Against all odds, Dorothea is smitten by Mr. Casaubon. She has been looking for her life’s purpose—it has been revealed in the form of being the needed partner who will help bring Mr. Casaubon’s life work to fruition. Nobody—including Mr. Casaubon –can believe that Dorothea prefers this guy to other suitors. But as the prospect of not spending his remaining years alone grows on him a bit, he opens the door to his long-neglected feelings just a crack. The first returns are not encouraging; Eliot tells us that “he determined to abandon himself to the stream of feeling, and perhaps was surprised to find what an exceedingly shallow rill it was.” But hey, give him a chance! This is new territory for an academic.

Once Mr. Casaubon has proposed to Dorothea in one of the most painfully god-awful letters of proposal ever, and Dorothea has accepted his offer, this peculiar match is the talk of the town. Mrs. Cadwallader, the wife of one of the local curates, summarizes everyone’s concerns about the upcoming marriage.

He’s got no good red blood in his body. Somebody put a drop under a magnifying-glass, and it was all semicolons and parentheses . . . He dreams footnotes, and they run away with all his brains. They say, when he was a little boy, he made an abstract of ‘Hop o’ my Thumb,’ and he’s been making abstracts ever since.

They do get married, and as they used to say in ads for sixties and seventies sitcoms, “hijinks ensue.” Hijinks of the sort that only an academic could encounter, that is; the sort of hijinks that only semicolons and parentheses provide access to.

As we went around the seminar table introducing ourselves at the first reading group meeting, my turn came last. I noted that I love Victorian fiction, and that Middlemarch is not only my favorite Victorian novel, but my favorite novel—period. “And I’m particularly looking forward to doing this with other professors,’ I continued, “because each of us knows a Mr. Casaubon.” There were thirteen members in the reading group, faculty from ten different departments ranging from philosophy and history to marketing and chemistry. Everyone nodded knowingly as they envisioned their personal Mr. Casaubon.

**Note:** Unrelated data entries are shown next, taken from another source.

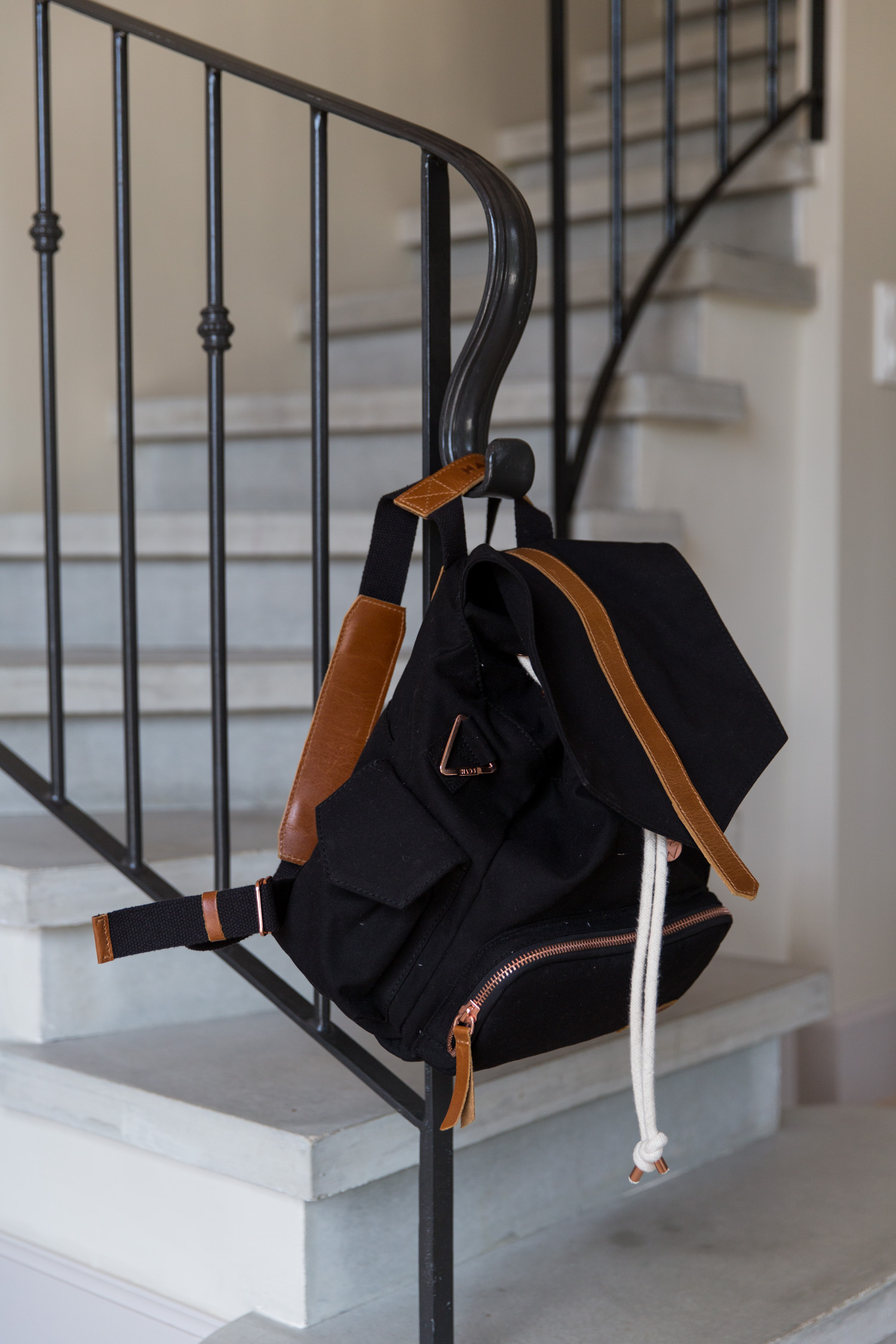 70percentpure at Chateau St Pierre de Serjac in the Languedoc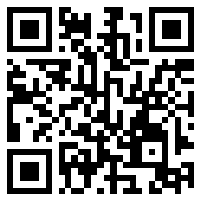 QR Code for XmmTd9p3HVwzdy33steDWFwBoYTo38JTg2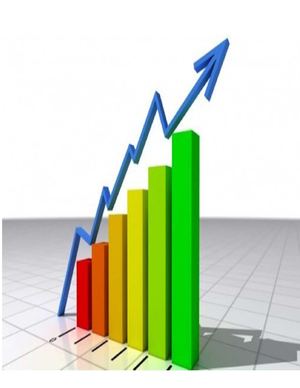 Problemas Del Crecimiento Económico En Colombia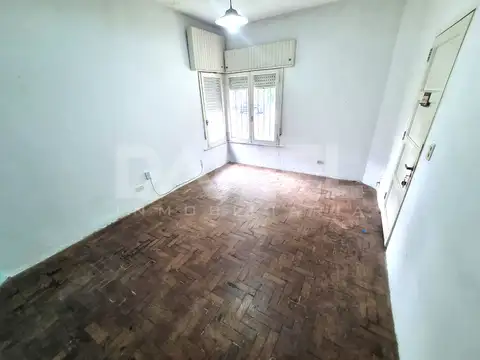 Casa en Venta en Ituzaingo Norte, USD 95.000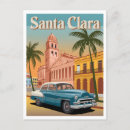 Search for che postcards Vintage
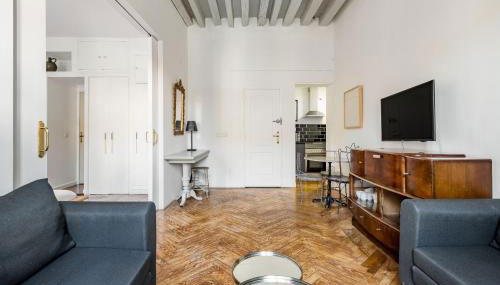 Fuencarral I - En el corazón de Madrid - Photo 5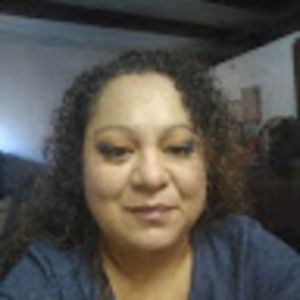 Meet your Posher, Chriselda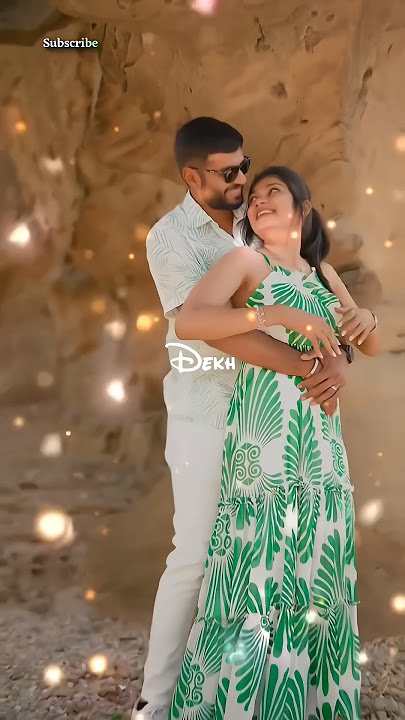 ||Jab Hale Dil Tumse Kehne Ko Whatsapp Status|| ♥️Whatsapp Status♥️ #short  《Your Feelings 》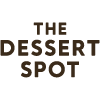 The Dessert Spot-avatar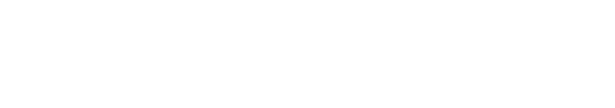 Detičkovo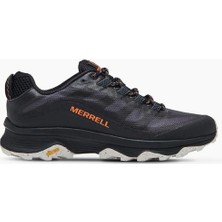 Merrell Moab Speed Outdoor Ayakkabı J135399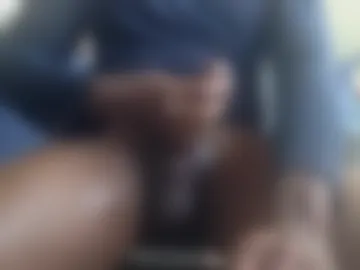 th1ckndeep live webcam preview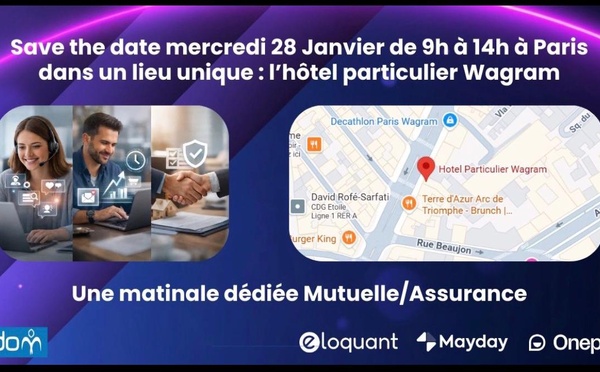 Matinée ADOM du 28 janvier 2026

I understand that some readers of Middlemarch consider Mr. Casaubon to be a somewhat over the top caricature, but those of us sitting around the table knew better. He lives among us—each academic on her or his worst day is Mr. Casaubon. As a former colleague and mentor commented once concerning the life of academe, “it’s a good thing that colleges and universities exist; what else would they do with us?”